Das vorliegende Album umfasst die beiden bisher bei Image in den USA erschienenen „Nonplayer“-Comics 1 (2011) und 2 (2015) zuzüglich einer fünfseitigen Pin-up-Galerie. Dass zwischen den beiden Heften vier Jahre liegen, begründet Autor und Künstler Simpson in einem Interview auf www.nonplayercomic.com mit familiären und beruflichen Verpflichtungen und macht zugleich wenig Hoffnung, dass die dritte Ausgabe signifikant schneller erscheinen wird. Das ist umso bedauerlicher, als sowohl Story als auch Artwork zum Besten gehören, was der US-amerikanische Mainstream aktuell zu bieten hat.

Die in Grundzügen dystopische Story verbindet Fantasy mit Science Fiction und spiegelt das Lebensgefühl vieler Jugendlicher wider. Motive aus Filmen wie „Minority Report“, aus Rollenspielen wie „Shadowrun“ oder aus aktuellen Video-/PC-Games sorgen für ein fast schon heimisches Feeling, ohne dabei abgeschmackt und klischeehaft zu wirken. Insbesondere der Ansatz, gleichsam drei Realitätsebenen einzuführen - die des Spiels, die einer Art phantastischer kognitiver Lifeskin, einer Haut über der Realität, und die Realität selbst - erweist sich als gleichermaßen originell wie spannend.

Die Hauptprotagonistin Dana Stevens zeichnet Simpson geradezu liebevoll, inszeniert sie als selbstbewusste Heroin im Spiel und als vollkommen durchschnittliches, wenig ambitioniertes Mädchen im realen Leben. Auch in Bezug auf die Nebenfiguren - Agenten, Firmenbosse und andere Charaktere - versucht der Autor, allzu plakative Schwarzweiß-Schemata zu vermeiden.

Herausragend, ja geradezu grandios, ist Simpsons Artwork. In glasklaren, präzise und hauchzart konturierten Bildern, in weichen, lichten Farben bei fast vollständigem Verzicht auf schwarze oder auch nur dunkle Verschattungen und mit hoher Dynamik in der Seitenaufteilung entwirft er die drei parallelen Welten, bedient sich eines Duktus’, der  europäisch anmutet.

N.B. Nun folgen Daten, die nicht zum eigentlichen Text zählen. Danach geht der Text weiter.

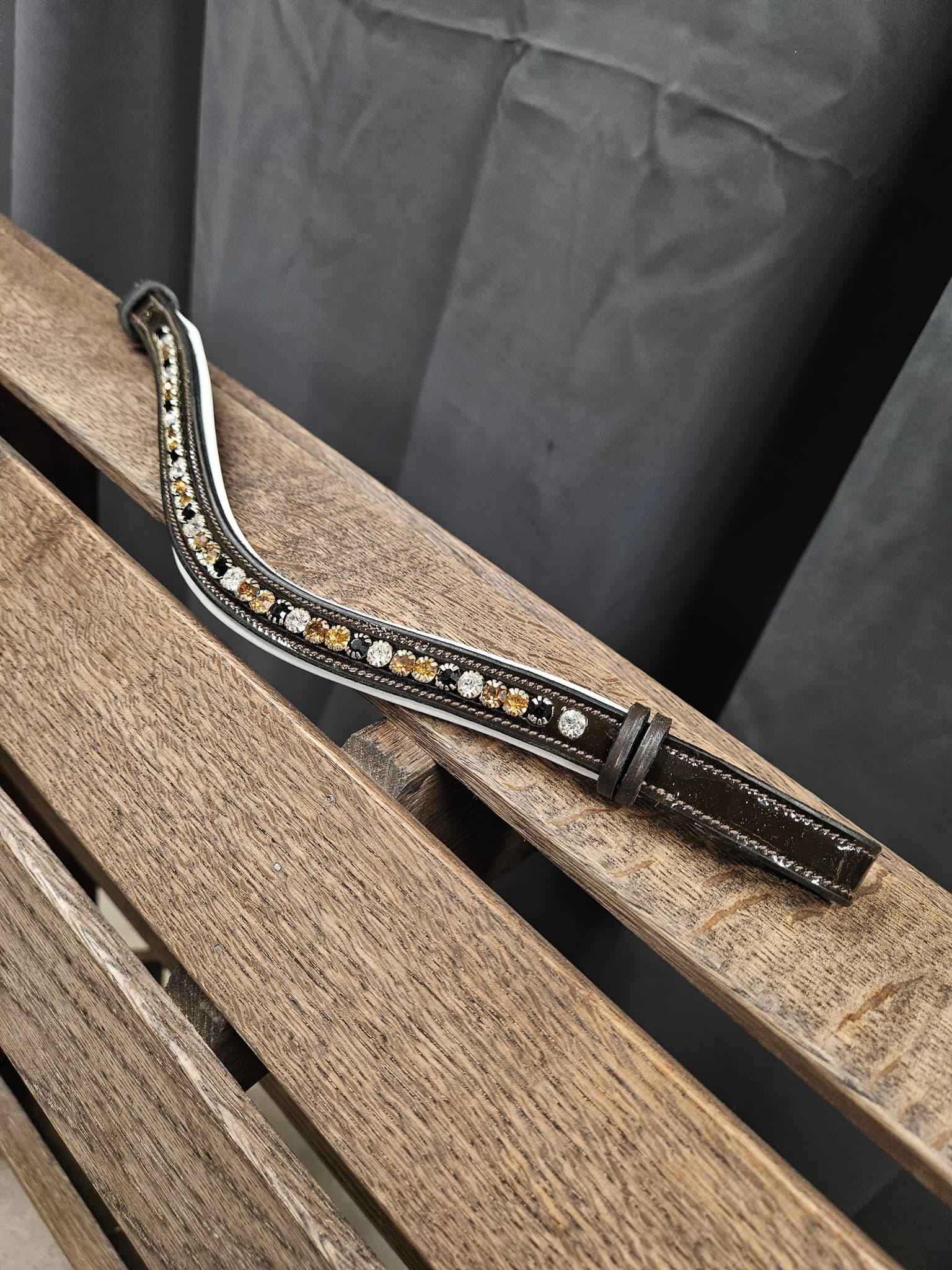 Pannband | Cob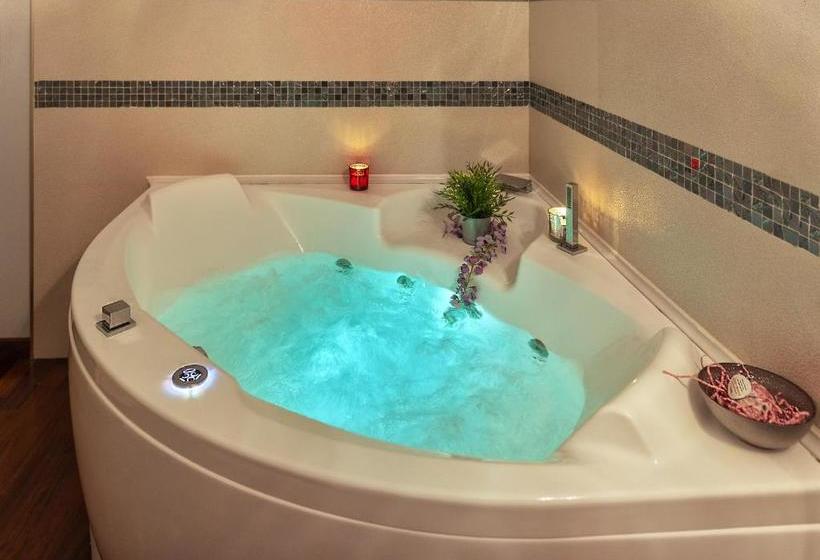 تختخواب و صبحانه Il Dolce Sospiro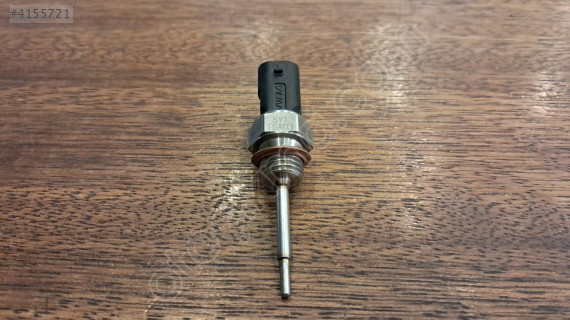 Volkswagen Crafter Manifold Sıcaklık Sensörü 03N906081D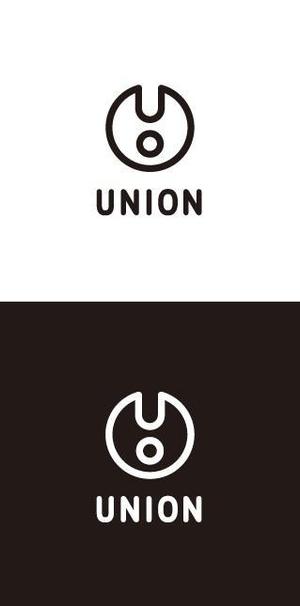 ALTAGRAPH (ALTAGRAPH)さんの飲食店☆カラオケバー『UNION』のロゴ制作依頼への提案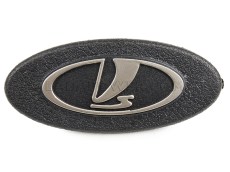 Lada Niva Steering Wheel Logo Badge Cover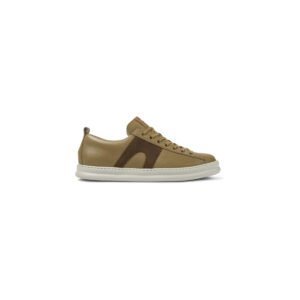Sneakers uomo Camper  PXL0  Marrone Camper 8432936270172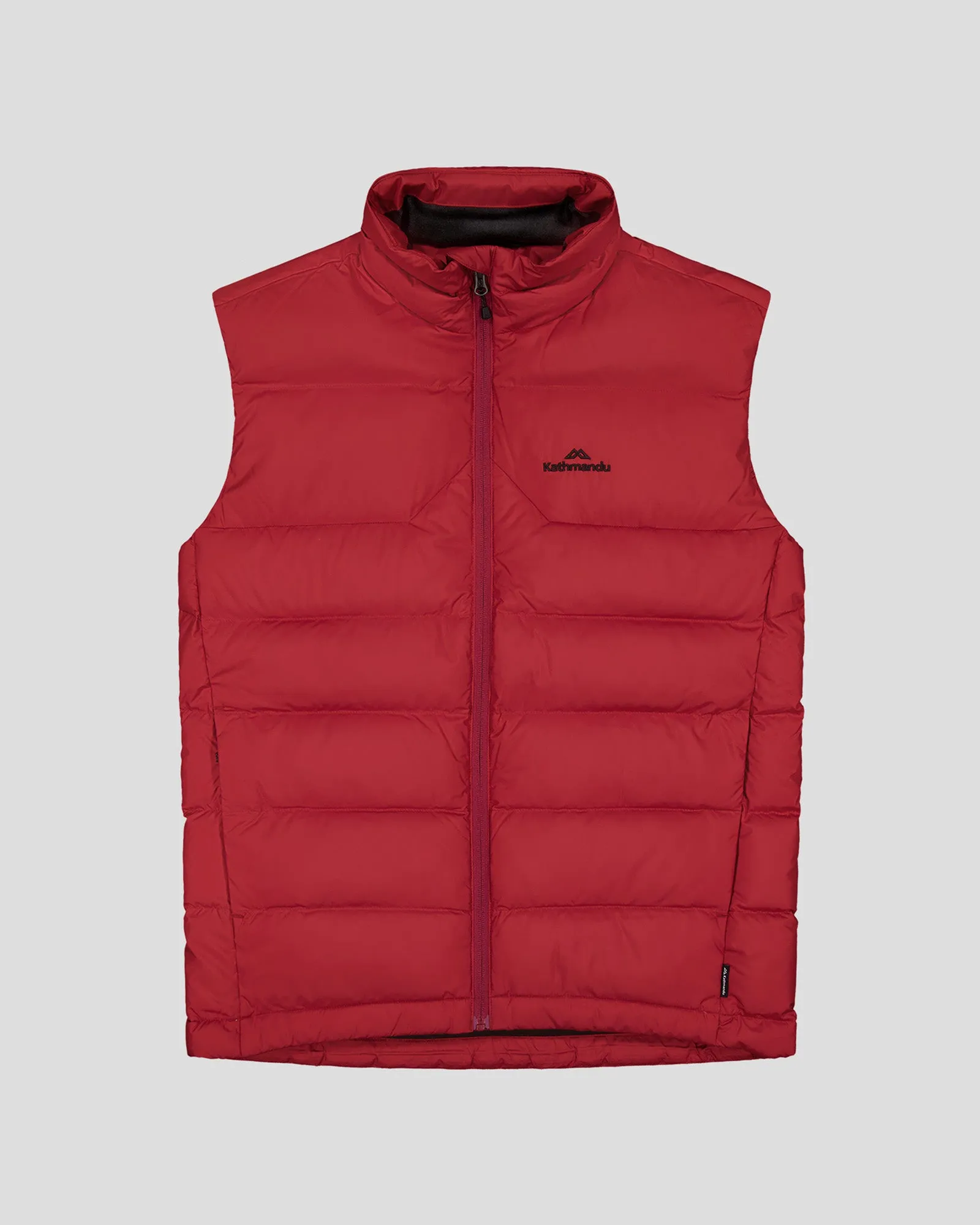 Men's Epiq Down Vest - Pinot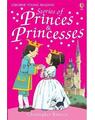 Copertă produs Stories of Princes and Princesses - thumb 1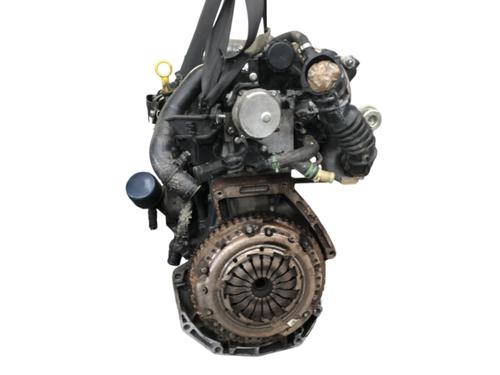 Motor Motor NISSAN MICRA III (K12) 1.5 dCi (86 hp) 34300779 34300779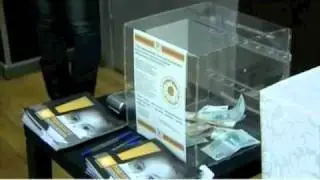 Josie Carr-Harris Charity Event  24 nov 2010 VKT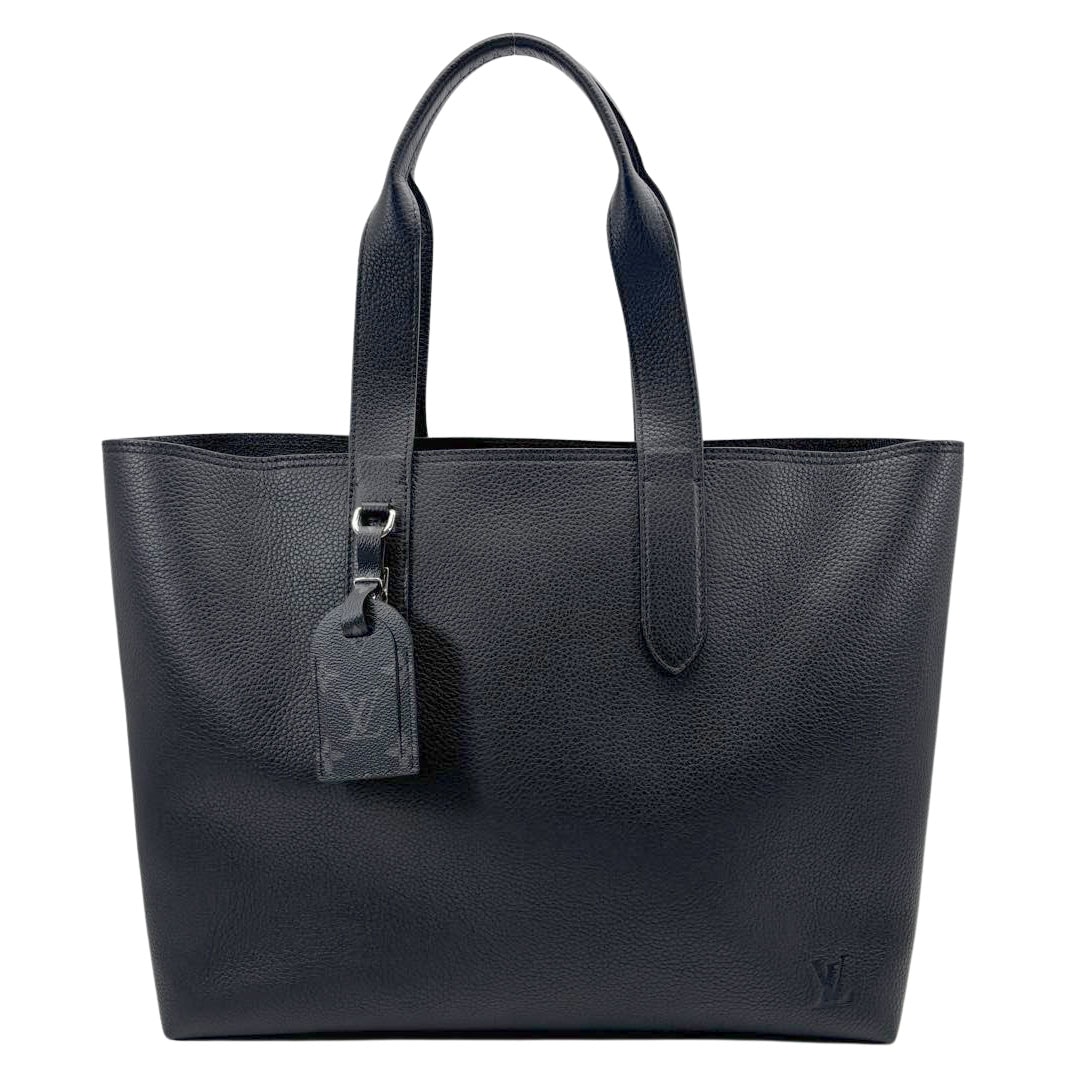 LOUIS VUITTON ルイヴィトン トートバッグ カバ・ヴォワヤージュ NV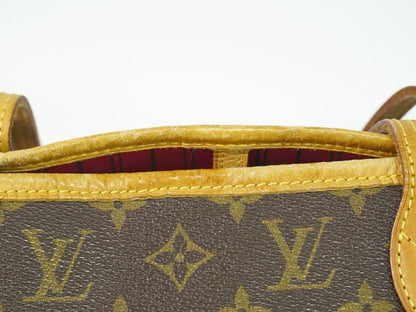 Louis Vuitton Neverfull NM Tote - Brandsamsara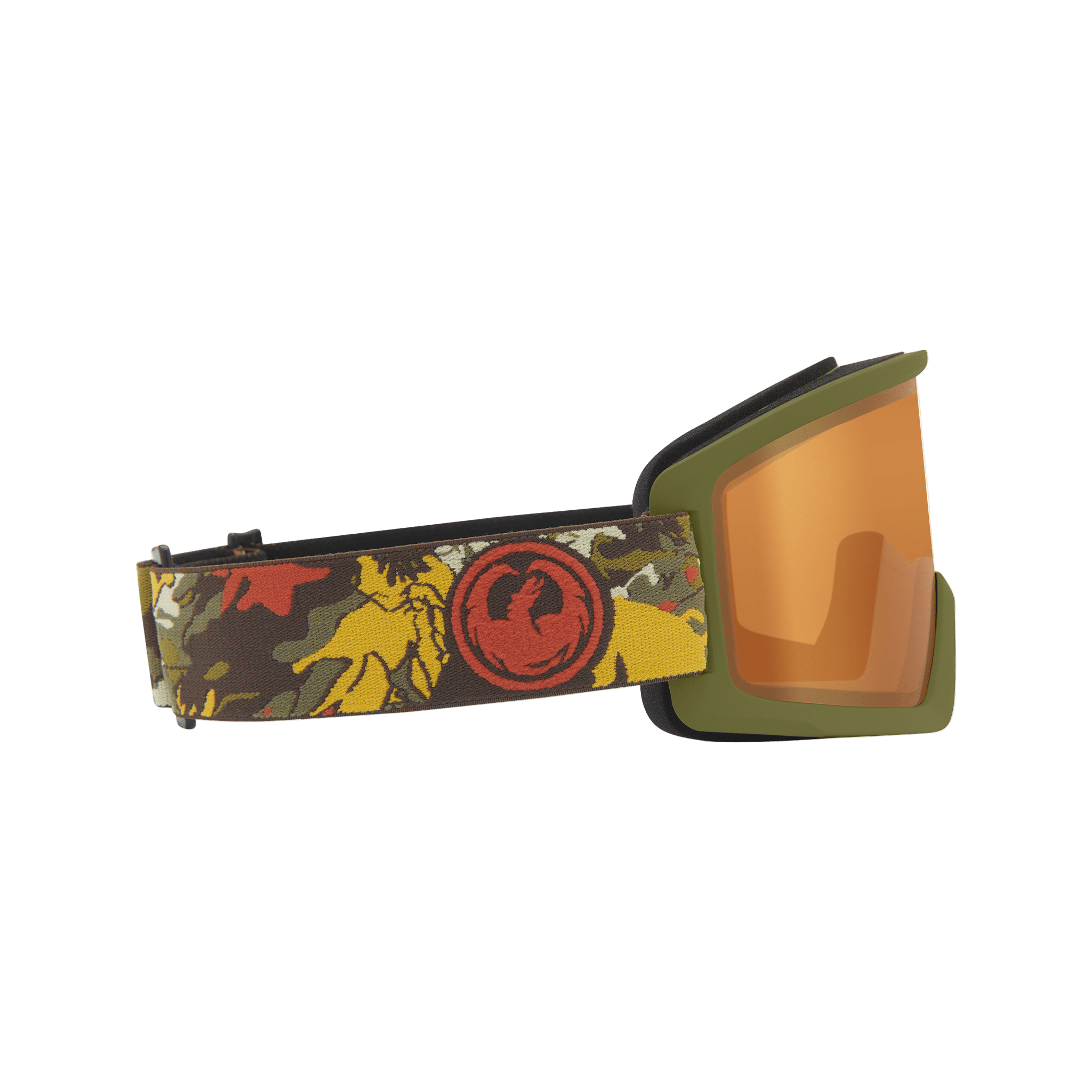 Dragon DX3 L OTG - 7B Boardshop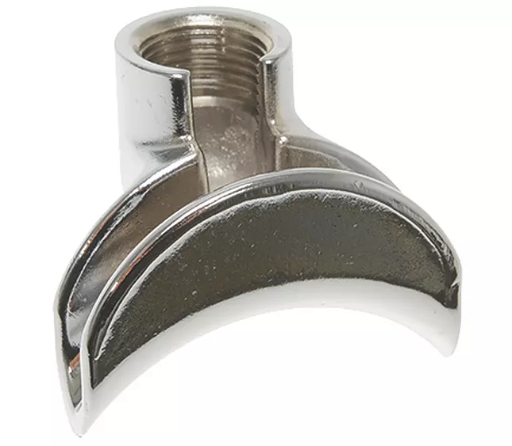 [LFSP218] 1022102 - 95.01632 CARIMALI DOUBLE SPOUT ø 3/8"-L5-S4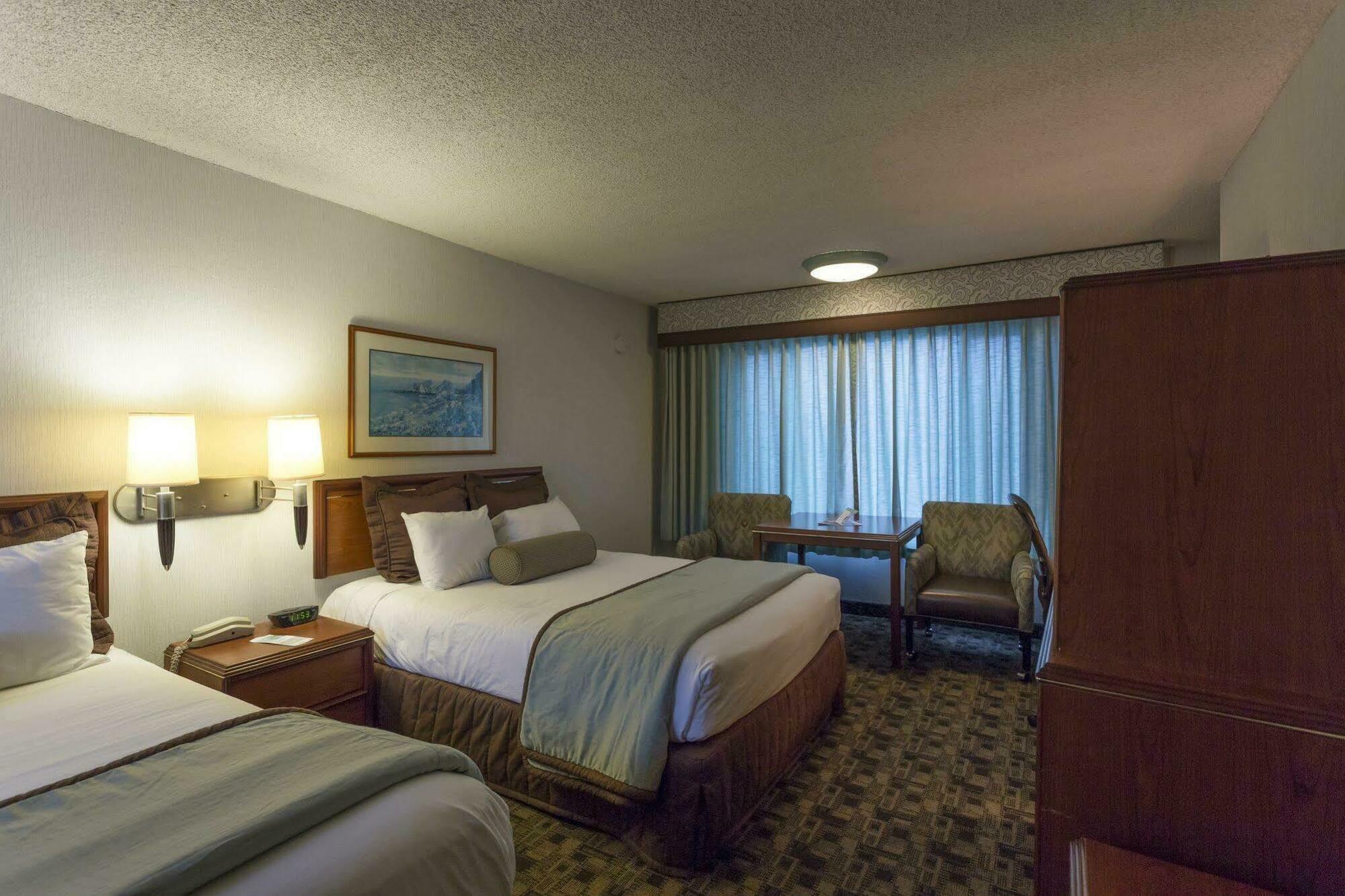 Shilo Inn Suites Newport Kulesi Dış mekan fotoğraf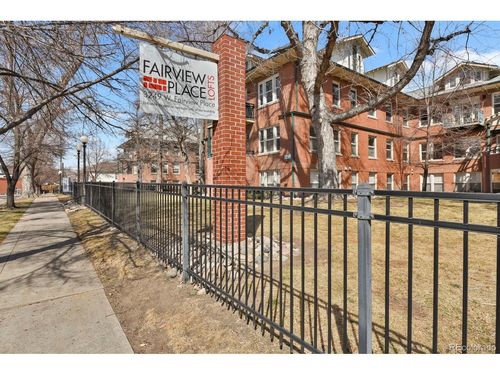 208-3249 W Fairview Pl, Denver, CO, 80211 | Card Image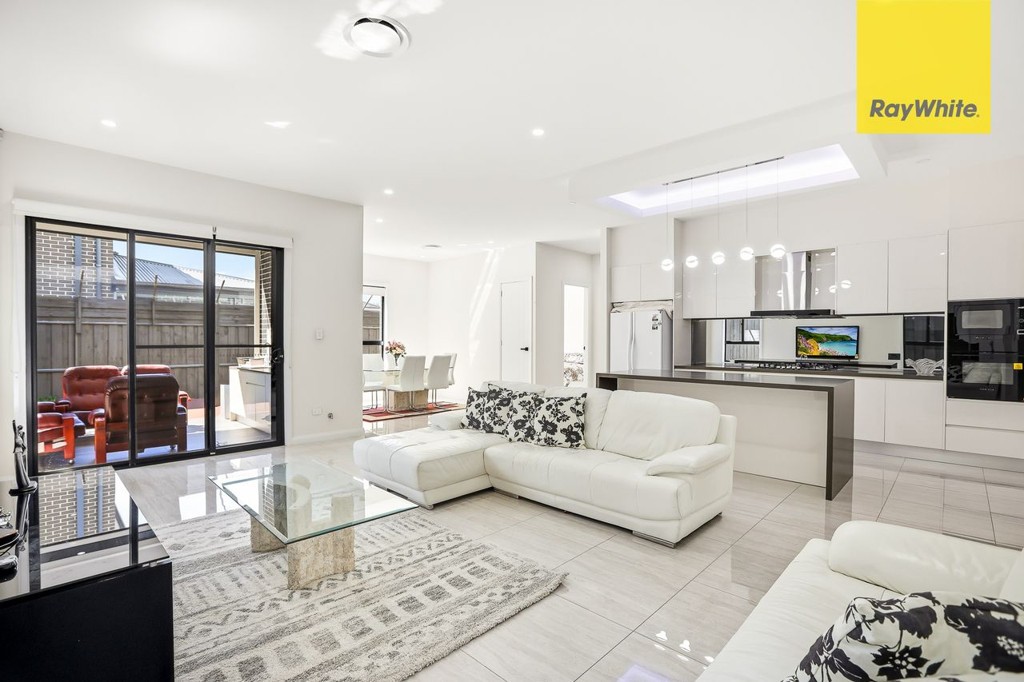 3 Camira Place, Colebee, NSW 2761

Insbesondere die bis zur Doppelseitigkeit großformatigen Panels strahlen sowohl kontemplative Ruhe, als auch visuelle Spannung aus.

Fazit: Ein herausragendes Artwork sowie eine originelle Geschichte an der Grenze zwischen Dystopie und Utopie, zwischen Fantasy und Science Fiction machen Lust auf mehr. Ein Höhepunkt US-amerikanischer Mainstream-Comickunst.